So I resolved on New Year’s Eve that I would stop the tears in 2015 and pass the drum sticks to someone else. That was my resolution… but I think I heard God laugh.
At the first Monday evening rehearsal in 2015, I walked in ready to tell Rafael of my resolution. The conversation didn’t go as I had planned. First, through an odd series of circumstances, I was late, and there was some discussion among the ensemble members that I may have quit. So when I walked in, I had to confess my frustration and tears to everyone. I thought I would be mortified and embarrassed. Instead, I felt… welcomed! Others started sharing their past anxieties about playing and it was heartwarming to hear Rafael encouraging me to stay, to stick with it, and to keep trying.
I’d love to say that by the end of the evening I was playing beautifully and had no troubles. That would be the Hollywood version of my story. The truth is, though, that I no longer cry. I’m no longer intimidated by playing multiple percussion instruments. I’m not a great musician, I still struggle with rhythms, but knowing that I am part of something bigger than myself keeps me going. I love being a part of that experience – even if I am one of the lesser talents – I feel accepted at Aldersgate, and I feel God’s love. So here’s my revised resolution: Give up the fears and tears, let go of my anxieties, and trust that God will be pleased with my simple musical offering.

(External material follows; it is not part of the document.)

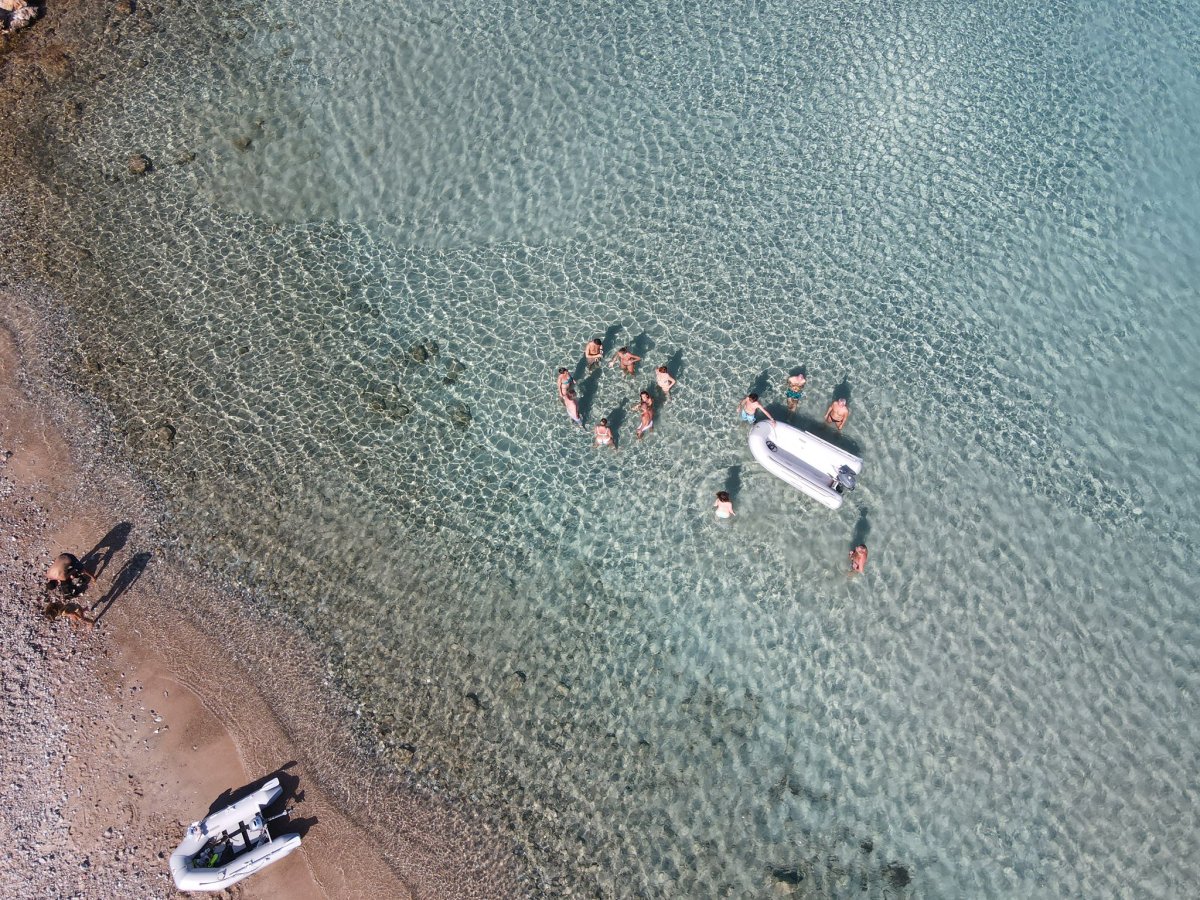 Avventura in catamarano nelle acque della Grecia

Now, in this Lenten Season – a time where we think of giving up things to bring us closer to God – consider giving up your fears and tears. Push yourself to do something outside your comfort zone. Join instrumental ensemble, play hand bells, sing in the choir. I’m sure God is smiling, always, as he watches you to become part of something bigger than yourself.
Rebecca Adams Oliver
Prayer: Father, please help me to let go of my fears. Help me to find my place in something larger than myself. Help to feel your love as I humbly offer my musical talents to glorify your message. Amen.